Home › Forums › Once Upon a Time › Season Two › 2×05 "The Doctor" › Thoughts on magic and science in "The Doctor" › Re: Thoughts on magic and science in "The Doctor"

November 1, 2012 at 6:46 am #158854
thetrickster
Participant

That is a really interesting thought ^^
However, there are a couple of things I would like to add:
the first one is regarding the idea of science not being developed in a world with magic. This idea makes me remember what Tolkien said in his essay “On Fairy tales”. He said that every world needs a set of natural –and, sometimes, also magical- rules to work. It is completely possible to develop science in a world with magic, especially the sort of science more related to everyday live. I guess there were midwifes, rural doctors, herbalists, builders, gunsmiths, astronomers, etc… in the Enchanted Forest, since we only have heard about 4 magicians, but people seem to live without their constant assistance. Besides that, magic has its rules, its limitations; those magicians had also part of Scientifics, they know about the rules of the world and about the rules of magic, and how to make them fit together. (A fact that allows the “debate” between Dr. Frankenstein and Rumplestiltskin as equals)

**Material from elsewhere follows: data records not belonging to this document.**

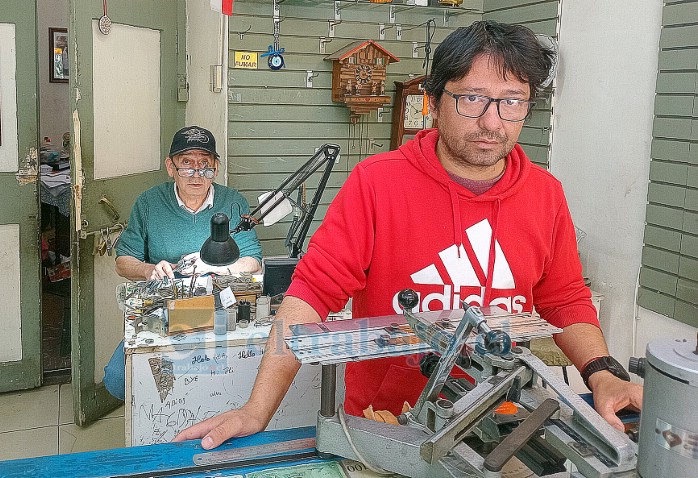 «Lalito» trabajando y su hijo en el mesón atendiendo, lamentando un nuevo robo.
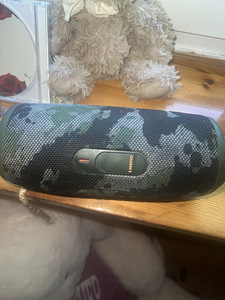 JBL Charge 5 в полностью рабочем состоянии (4 фото из 6)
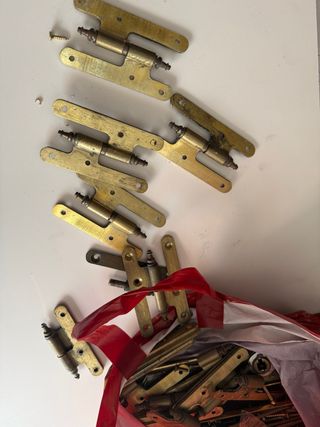 Bisagras de latón para puertas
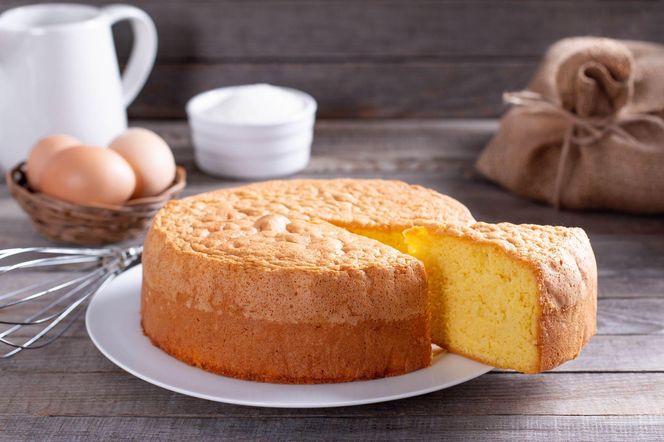 Biszkopt ziemniaczany: domowy przepis na lekkie i miękkie ciasto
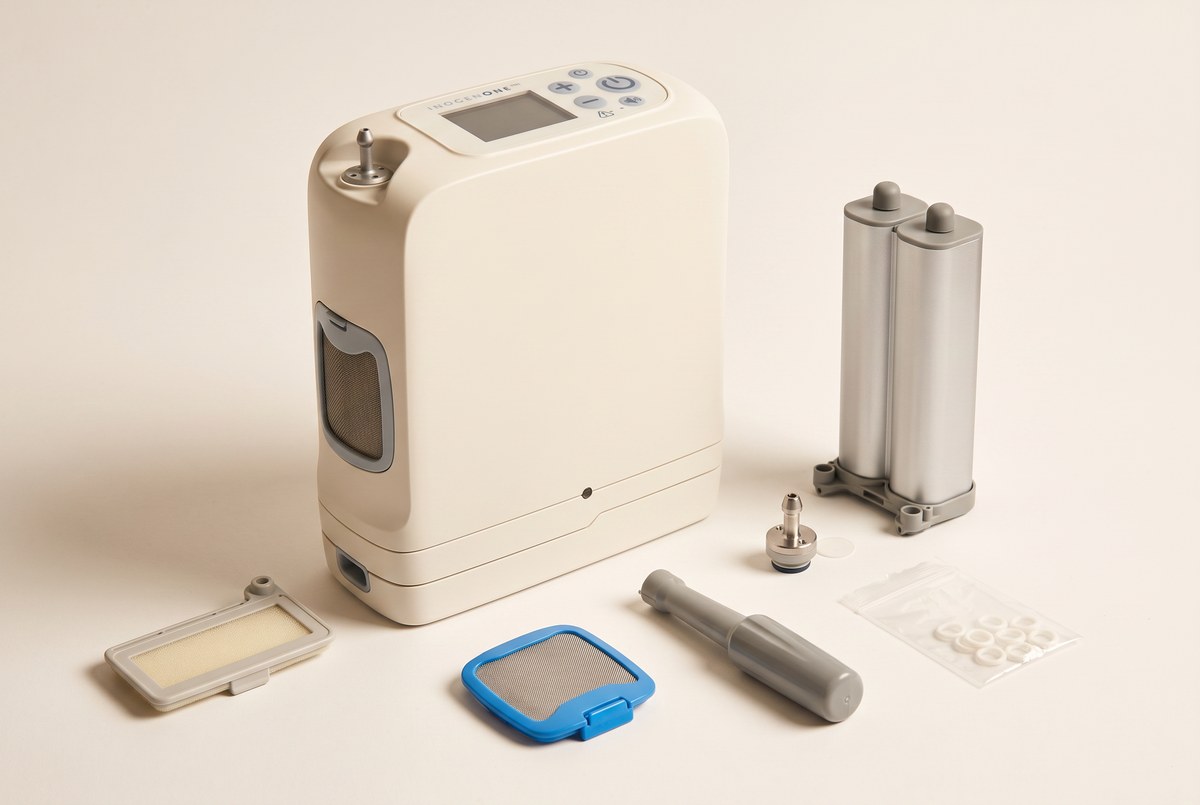 Inogen One G5 with its complete maintenance kit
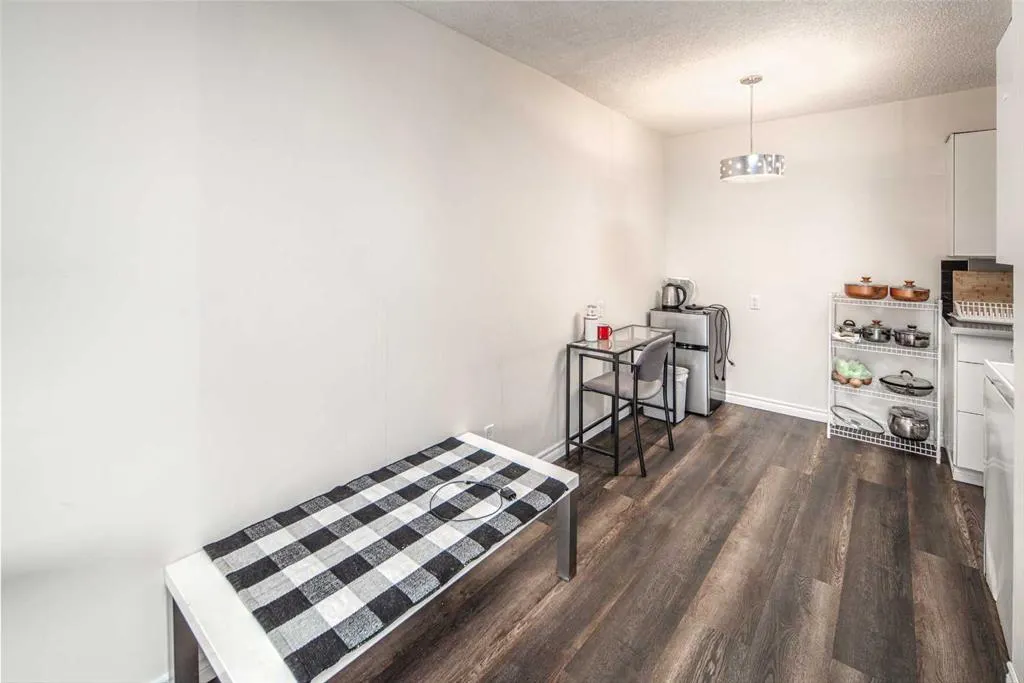 1335 12 Avenue SW #406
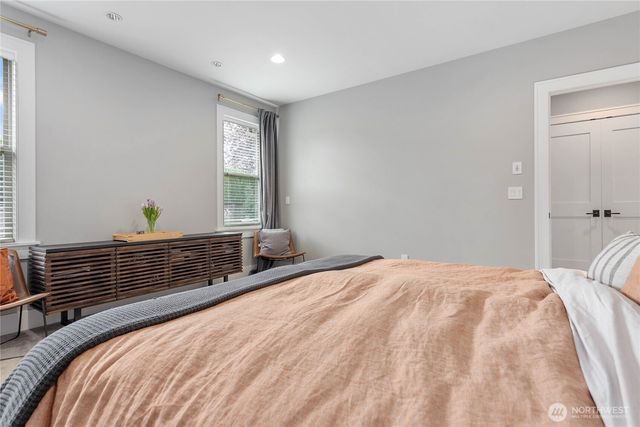 902 Captain Bay Court, Lynden, WA 98264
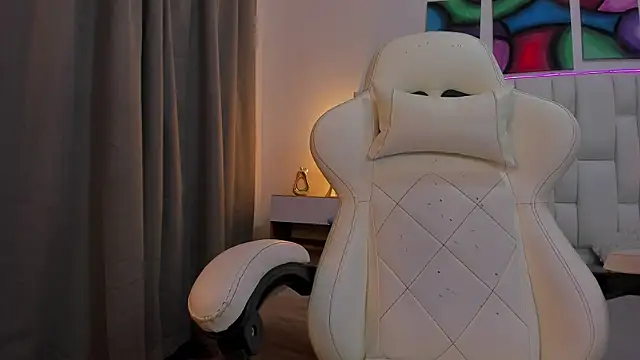 mask red girl online show from April 17, 1:03 pm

The second one is regarding the evolution of science from superstition. Actually, it was like a circle: in the Ancient Greek –well, and in Mesopotamia, in Egypt…- the philosophers were actually scientifics, the current difference between “those who think” and “those who practice science” didn’t exist. A doctor was also a mathematician, astronomer, lawyer and poet. That was the time in which the atom was “discovered”, and some rules of physics and mathematics set, for instance. With the raise of Roman Empire, the Barbarian Invasions, the raise of Christianism, and finally the Fall of the Empire, all that knowledge was lost until the Renaissance and was finally fulfil during the Enlightment.
But the fact is that those so called “magicians” who lived before the scientific method were not superstitious people who wanted to turn iron into gold… most of the scientific practices were punished (the last Inquisitorial trials were in 1821. In the same year in which Newton born, Galileo was burn for saying that Earth moves around the Sun and not the opposite way. And more or less at the time of Newton the “Tableau de l’inconstance des mauvais anges et demons” was written by the inquisitor Pierre de Lancre, and also the “Malleus Maleficarum”. Both of them very useful books… to find and kill witches and other dangerous persons) another instance is that one of the most famous places to learn magic was the Black School of the Sorbonne in Paris. It was said that the Devil himself taught his pupils the dark arts. The fact was that there were some students who were not satisfied by what they learnt at the University and wanted more. They wanted real science and not “magic”. The paradox is that those pupils of “the Devil” have been recorded as the magicians.
Just a couple of additions, I enjoy your reflection. ^^^

Conclusion –my opinion, sure- no matter how much Dr. Frankenstein and Rumplestiltskin want to discuss about the differences of their respective arts, they are two sides of the same coin: knowledge. The difference lies in perception: Magic is seen as dangerous and unreliable while science is seen as honourable and reliable.